- _Task prompt_: Write out again, word for word, the lines below from the line that holds "vidaXL Bathroom Vanity" through the line that holds "Coups husy, Jídelní", omitting pictures.

- _Working data_:
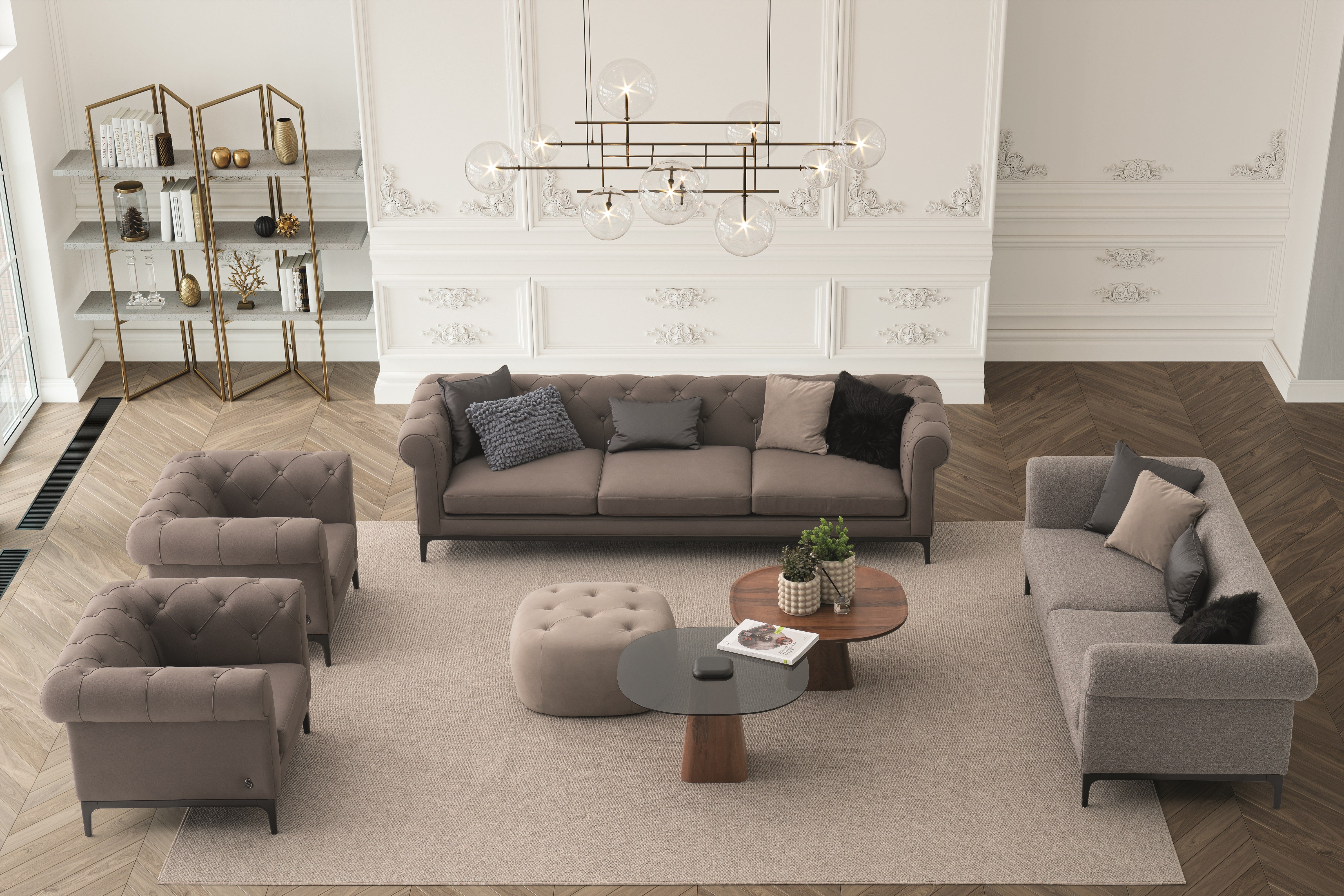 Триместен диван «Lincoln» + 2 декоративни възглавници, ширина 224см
==
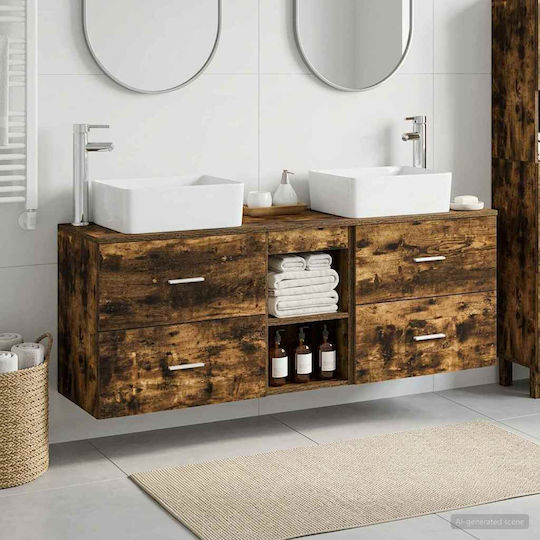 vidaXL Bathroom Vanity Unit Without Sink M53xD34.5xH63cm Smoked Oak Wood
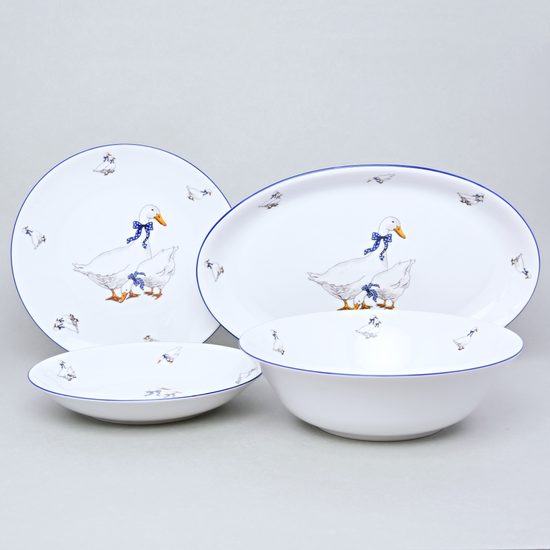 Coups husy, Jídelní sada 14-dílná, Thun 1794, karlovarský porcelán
---
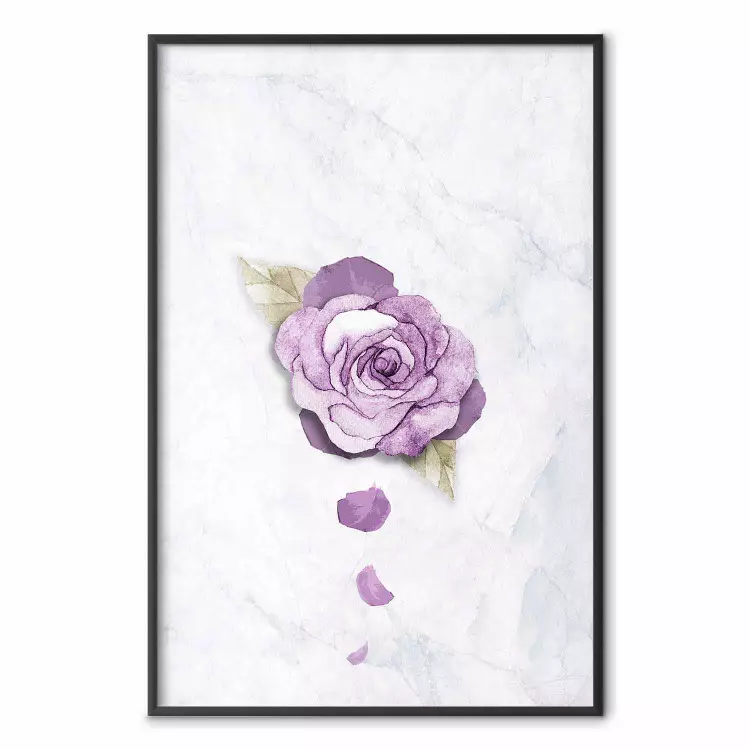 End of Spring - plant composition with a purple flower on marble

- _Answer box_:
 vidaXL Bathroom Vanity Unit Without Sink M53xD34.5xH63cm Smoked Oak Wood
 Coups husy, Jídelní sada 14-dílná, Thun 1794, karlovarský porcelán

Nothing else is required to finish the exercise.